More commonly referred to as the Motometer, that name only applies to the Boyce Moto-Meter that was invented by Harrison Hurlbert Boyce. He filed the first patent for his gauge on October 18th, 1912 that was granted on March 13th, 1913. The unit was designed for mounting on a radiator cap with a hole drilled through its center. Contrary to popular belief, it does not measure coolant temperature, but instead that of the air just above it in the radiator.
- The oldest known surviving 1914 Boyce Standard Moto-Meter from the Francis G. Clax Collection.
The Boyce Moto-Meter made its public debut at the 1912 New York Auto Show. Soon the Stewart-Warner Speedometer Co. and over a dozen other firms around the world would follow suit and design and manufacture similar devices. Millions of the temperature gauges in many different styles would be produced up until the pre-World War II years.
- L to R: Heat-Ometer – Auto-Con-Den-So Meter – Anco Chief Mototector – Arrowmeter.
The Clax Motometer Collection containing many of these devices will be on display at the AACA Library & Research Center at the Club Headquarters located at 501 West Governor Road, Hershey, PA. for the next year. The facility is open daily during normal business hours, and you will also be able to see the exhibit next fall during the AACA Hershey Meet.

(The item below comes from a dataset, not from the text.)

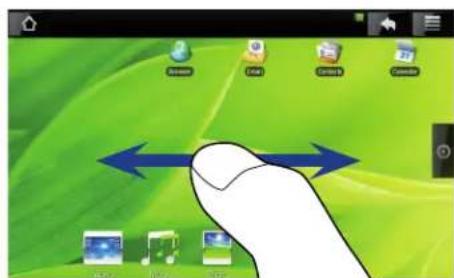 Screenshot of a desktop computer interface showing a finger pointing to a green screen with icons and directional arrows indicating movement or navigation.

You can learn more about the Library at the AACA Library & Research Center here.
- “The Automobile” June 4th 1914 ad showing a Moto-Meter win and use at Indianapolis.
- 1921 Boyce Moto-Meter advertisement showing a motorist and his chauffeur.
In the display are many early automobile radiator-mounted engine temperature indicating gauges, including the oldest known surviving unit. The exhibit also includes other unique and rare related items, such as original company documents, catalogs, and manuals. You can learn more about the subject at Francis Clax’s excellent website Motometer Central and here at The Old Motor. All photos are courtesy of the AACA Library and Motometer Central.
- The Francis A. Clax Motometer Collection on display with an early Mitchell at the AACA Library.